275 Members of the KZP were also involved in the concealment of former KZP Special Constable Vela Mchunu, implicated in the December 1986 murder of three members of the Metal and Allied Workers Union (MAWU) from Mphophomeni. In order to prevent Mchunu from testifying at the inquest, KZP Captain Leonard Langeni and Chief Buthelezi's personal assistant, Mr MZ Khumalo, arranged for Mchunu to be hidden for a period at the Mkhuze camp. Mchunu said that both Langeni and Khumalo knew that he had killed people and that he felt that their helping to conceal him indicated their approval of his actions. In 1990, Mchunu was implicated during the murder trial of Samuel Jamile, from Clermont, and was again taken into hiding (see above). In March 1991, after the completion of the Jamile trial, Mchunu was issued with a KZP appointment certificate under the name Alfred Masango.

276 Other police officers and Inkatha members who were suspects in crimes were hidden from the SAP at the Mkhuze camp. Daluxolo Luthuli was hidden at the Mkhuze camp during 1988 following his release on bail in connection with the possession of an AK-47 that was used in an attack on a UDF stronghold in Mpumalanga. Caprivi trainee Bhekisisa Alex 'Sosha' Khumalo [AM 4027/96] was also hidden for a year at the Mkhuze camp following his release on bail on a charge of attempted murder.
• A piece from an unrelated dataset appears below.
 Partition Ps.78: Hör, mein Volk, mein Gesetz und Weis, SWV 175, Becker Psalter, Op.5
Mr Nyoni Israel Hlongwane [AM 4600/97], active in the Esikhawini hit squad, was taken into hiding at the Mkhuze camp when he was being sought by police in connection with rape, murder and attempted murder charges. When the SAP approached the KZP for assistance in arresting Hlongwane, none was offered. The other people implicated in the incident were arrested and charged and one of them convicted. Another Caprivi trainee and special constable, Mr Zweli David Dlamini, was hidden at Mkhuze camp for over a year after he was involved in a shoot-out with SADF members in Imbali in December 1987. Dlamini told the Commission that Mr MZ Khumalo and Captain Langeni arranged for him to go into hiding. In 1990, at Langeni’s recommendation, Dlamini was accepted as a member of the KZP, despite the fact that warrants had been issued against him for attempted murder.
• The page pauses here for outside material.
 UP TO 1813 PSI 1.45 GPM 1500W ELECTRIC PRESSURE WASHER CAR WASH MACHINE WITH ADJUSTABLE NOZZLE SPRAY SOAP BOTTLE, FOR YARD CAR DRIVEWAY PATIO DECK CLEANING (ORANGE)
277 The vast majority of cases of alleged KZP involvement in gross human rights violations reported to the Commission occurred post-February 1990. The victims were almost exclusively people perceived to be sympathetic towards the ANC. The exception was a handful of KZP members who were eliminated by their own colleagues after they refused to cover up Inkatha or KZP criminal activity.

278 A number of KZP stations gained certain notoriety for severe misconduct and partisan policing. These included Umlazi, KwaMashu, KwaMakhutha, Madadeni, Sundumbili and Esikhawini.